I wonder: Do some Texans think they’re more real than others? I suppose they might. But then, I’ve heard a lot lately about great swaths of rural Texans, incensed at how Texas isn’t the real Texas anymore, have upped and come to Montana. I also wonder if a “real” Texan gets to be counted as a “real” Montanan, or just a particularly odious transplant.
It’s true that in recent years the demographic inmigration has become less red and more purple, enabling Boise to return to electing Democrats, for instance. But the right-wing white flight is still continuing to this day as well. Idaho is growing at a faster rate than any state except Utah and Nevada, according to the U.S. Census. From 2003 to 2014, nearly 97,000 Californians surrendered their California driver’s licenses and applied for Idaho licenses, according to the Idaho Transportation Department.

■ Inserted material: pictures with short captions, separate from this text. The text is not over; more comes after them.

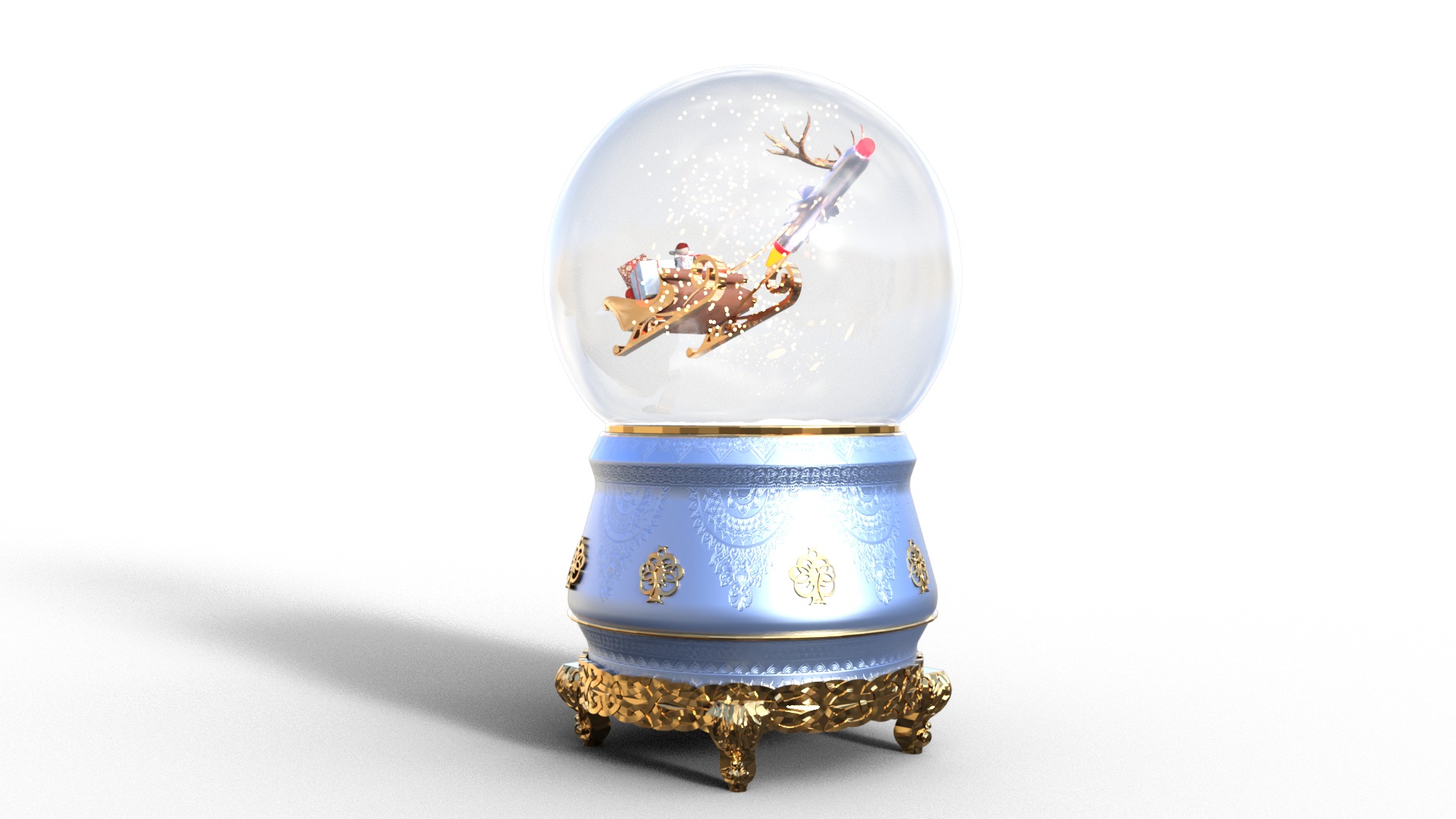 Wishes Globe For Christmas Low-poly 3D model_5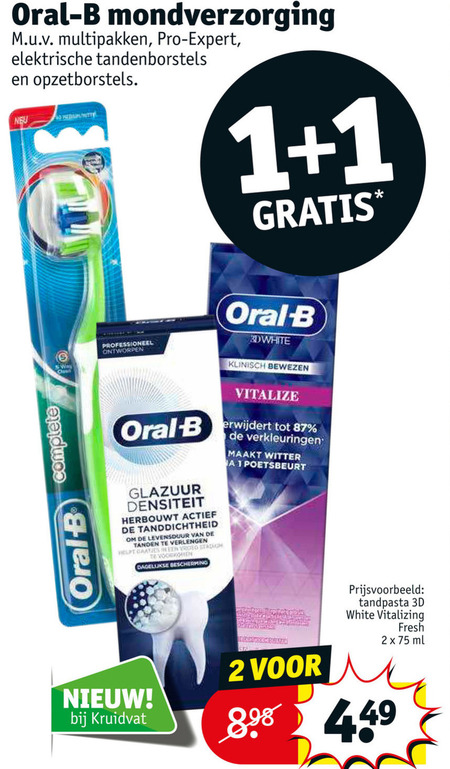 Handschrift Complex Schandalig Oral-B tandenborstel, tandpasta folder aanbieding bij Kruidvat - details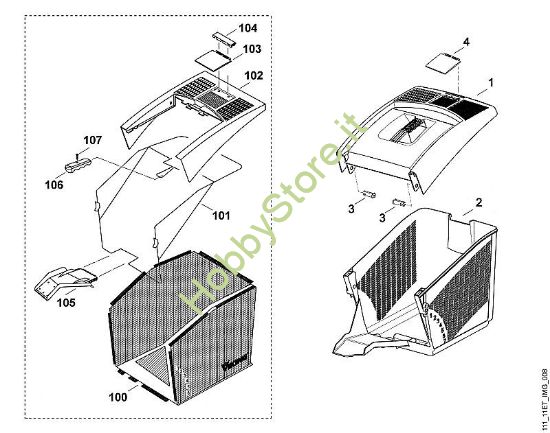 F - Cesto raccolta erba MB MB 505 S della marca Viking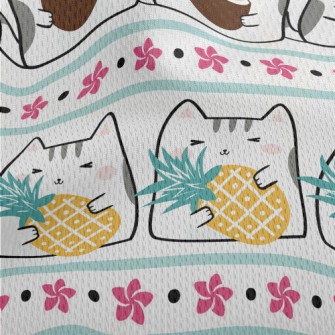 Cute Cat Eating Fruit Athletic Mesh Flat Back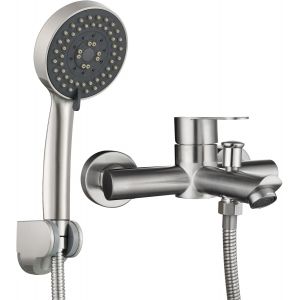 SNA516F3 Mitigeur Douche, Mitigeur Salle de Bain, Ensemble de douche &agrave; levier unique en acier inoxydable avec douchette et tuyau de douche 1,5 m Nickel bross&eacute; - Neuf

It was those people, not liberals, who were drawn to Idaho, said Wallace, because Idaho was familiar to them: “They were white-flight people wanting to get the heck out of where there was diversity. They didn’t like the brown people. I know because I come from there.”
A typical new arrival was this lady who moved to Coeur d’Alene in 2016:
Koch instantly felt at home in small town Idaho. She says there are a lot of like-minded Christians. And as she’s gotten older, to her surprise, she’s become more conservative.
“I’ve always been fearful of guns,” Koch says. “However, I am open now to learning, and the gun stores and gun clubs here in Coeur d’ Alene are very warm and welcoming.”
Koch was also struck by just how many ex-pat Californians are here. They are everywhere: the gun shop owners, the retirees at the golf resorts. They hold seats on school boards and in local government.
“I immediately tell people, especially if they’re not from California, I am not one of those people who want to change Idaho,” Koch says. “I love it the way it is, that’s why we’re here.”
As a veteran Democrat from Coeur d’Alene, Mary Lou Reed has a very pointed view of all this:
“We’re very, very white up here,” she says. Kootenai County is 95 percent white according to the most recent census, compared with much of California today, where whites are in the minority.
She insists race plays a factor in some people’s decisions to move up here.
“No question the white flight is to flee from a multi-racial situation into one into in which everybody looks the same,” she says. “It’s very dull.”
This is definitely an uncomfortable subject. Some of the transplants didn’t want to talk about race as a reason for moving. Others said it didn’t have anything to do with it.
So what Carlson is describing for places like Idaho and Montana and Utah is in fact the converse of what has happened to those states. It’s a lie.
The reality is that demographic shifts have happened throughout American history, and being able to ride those shifts politically has always been a challenge for parties, which have to figure out how to please changing constituencies. That’s what Democrats are doing.
Republicans, on the other hand, have clearly become so wedded to their white nationalist politics—the ones that drove demographic change in California, Idaho, Montana, and many other places—that they will not adjust their politics to welcome in new brown faces.
Carlson’s “replacement theory” is about gaslighting the public into believing that liberals are manipulating demographic change rather than simply adapting to its realities—giving Republicans an excuse to cling to a political ethos in its death spiral.